The first and youngest black Formula One champion, on the eve of the first black president of the Unites States. Clearly, all complaints of racism and class-barriers are nothing but self-indulgent, patronising nonsense. Here is a black working class boy who achieved an ultimate goal by sheer hard work and the support of his family. So why can’t They all do it? Obviously because they are lazy, shiftless and feckless, and are imprisoned by state pampering.
And so Lewis Hamilton’s great sporting achievement becomes a stick to beat black boys with. That is the function of the sporting Role Model. To convince everyone that life is a competition, and all can win it.
But life isn’t sport, strangely enough. And Lewis Hamilton would have never been heard of if the state had not pampered him with education and health care, and the anonymous, underpaid people who worked in those professions hadn’t, on balance, done their work almost as well anyone about to become a billionaire for driving a car in circles.
The Carole Malones and John Gaunts and other media bitches have always offered sport as a route out of, and therefore a validation of the class system. ‘There is the door, why don’t you use it?’ The entertainment industry serves the same purpose, ostensibly demolishing class and race crimes at a stroke. Minstrelsy was very popular, for a while.
Before the desperate gutter press seize on this as another justification for gross inequality and for their denial of the class structure and for slashing the dole at a time of rising undemplyment, they should remember that exceptions only sometimes prove rules, they never make them.

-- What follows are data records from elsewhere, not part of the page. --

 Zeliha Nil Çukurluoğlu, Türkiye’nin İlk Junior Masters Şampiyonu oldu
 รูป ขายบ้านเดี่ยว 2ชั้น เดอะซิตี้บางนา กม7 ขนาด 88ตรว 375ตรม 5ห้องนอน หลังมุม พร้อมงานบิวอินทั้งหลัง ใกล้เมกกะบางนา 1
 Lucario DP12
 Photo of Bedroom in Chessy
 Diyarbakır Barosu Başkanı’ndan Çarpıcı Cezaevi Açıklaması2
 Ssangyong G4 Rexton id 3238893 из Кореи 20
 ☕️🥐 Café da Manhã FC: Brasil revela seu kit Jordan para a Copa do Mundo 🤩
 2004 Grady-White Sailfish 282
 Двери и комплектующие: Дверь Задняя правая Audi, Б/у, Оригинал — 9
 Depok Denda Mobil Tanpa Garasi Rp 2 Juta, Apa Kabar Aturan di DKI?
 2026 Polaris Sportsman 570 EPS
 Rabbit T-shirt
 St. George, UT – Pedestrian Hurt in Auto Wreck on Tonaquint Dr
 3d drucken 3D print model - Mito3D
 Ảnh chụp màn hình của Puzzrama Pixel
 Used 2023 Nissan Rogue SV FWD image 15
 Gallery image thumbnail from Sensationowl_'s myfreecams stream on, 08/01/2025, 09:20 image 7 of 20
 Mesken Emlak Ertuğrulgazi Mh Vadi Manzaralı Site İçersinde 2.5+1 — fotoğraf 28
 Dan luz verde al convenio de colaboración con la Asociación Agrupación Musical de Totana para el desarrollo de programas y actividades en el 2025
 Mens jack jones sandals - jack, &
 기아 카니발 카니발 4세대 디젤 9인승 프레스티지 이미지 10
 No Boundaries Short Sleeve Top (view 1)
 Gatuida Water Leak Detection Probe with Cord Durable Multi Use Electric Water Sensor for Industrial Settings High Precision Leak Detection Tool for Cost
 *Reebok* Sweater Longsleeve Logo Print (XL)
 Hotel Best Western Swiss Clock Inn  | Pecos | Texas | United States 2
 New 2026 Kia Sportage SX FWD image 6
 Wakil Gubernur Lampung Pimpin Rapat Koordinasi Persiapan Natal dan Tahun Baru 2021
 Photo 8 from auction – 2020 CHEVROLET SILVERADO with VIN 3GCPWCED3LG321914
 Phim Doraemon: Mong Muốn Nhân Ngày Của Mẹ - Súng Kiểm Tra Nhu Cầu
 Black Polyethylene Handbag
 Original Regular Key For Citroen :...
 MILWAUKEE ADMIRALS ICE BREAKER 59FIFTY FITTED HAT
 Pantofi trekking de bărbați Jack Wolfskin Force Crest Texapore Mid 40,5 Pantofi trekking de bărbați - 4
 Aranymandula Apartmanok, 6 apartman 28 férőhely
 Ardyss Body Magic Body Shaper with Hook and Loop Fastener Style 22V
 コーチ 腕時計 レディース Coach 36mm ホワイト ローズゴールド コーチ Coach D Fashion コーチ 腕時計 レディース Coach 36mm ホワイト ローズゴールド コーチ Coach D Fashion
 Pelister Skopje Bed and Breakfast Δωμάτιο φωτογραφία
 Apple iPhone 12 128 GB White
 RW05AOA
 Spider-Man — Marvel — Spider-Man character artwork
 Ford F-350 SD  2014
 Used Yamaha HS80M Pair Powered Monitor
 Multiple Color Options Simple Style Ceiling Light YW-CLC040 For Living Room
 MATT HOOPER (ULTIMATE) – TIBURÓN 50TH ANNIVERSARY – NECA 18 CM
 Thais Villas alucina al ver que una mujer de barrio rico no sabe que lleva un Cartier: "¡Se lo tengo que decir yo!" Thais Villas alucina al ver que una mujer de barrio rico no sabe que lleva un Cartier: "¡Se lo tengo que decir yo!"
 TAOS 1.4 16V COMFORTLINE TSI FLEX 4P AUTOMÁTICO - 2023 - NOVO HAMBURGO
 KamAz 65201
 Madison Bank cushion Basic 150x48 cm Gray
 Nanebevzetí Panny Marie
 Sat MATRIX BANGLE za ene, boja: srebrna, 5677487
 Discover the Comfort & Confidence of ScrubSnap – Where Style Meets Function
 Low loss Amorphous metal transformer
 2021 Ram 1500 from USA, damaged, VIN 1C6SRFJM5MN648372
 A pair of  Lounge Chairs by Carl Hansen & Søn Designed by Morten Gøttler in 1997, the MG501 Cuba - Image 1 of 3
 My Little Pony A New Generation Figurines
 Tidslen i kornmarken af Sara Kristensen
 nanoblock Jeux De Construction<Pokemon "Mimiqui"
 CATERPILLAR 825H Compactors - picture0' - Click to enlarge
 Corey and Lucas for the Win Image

That Lewis Hamilton’s triumph is built on such a vast network of labour and support, from midwife to wingnut-maker, as to be almost meaningless as a heroic sporting achievement which can be paraded as a Triumph Of The Will. This is Formula One Motor Racing we’re talking about, which is more of a mobile country than a sport, with cars instead of an army, and a large amount of political and economic clout. And the days of the death-defying gladiator-driver are gone. The driver should have a knack for driving fast round corners, enough of a nasty streak to not worry about putting others at risk, and be good at games of Chicken.
But in fact, what we really need are more and better-paid midwives and fewer, poorer Formula One Champions. At least they would live here.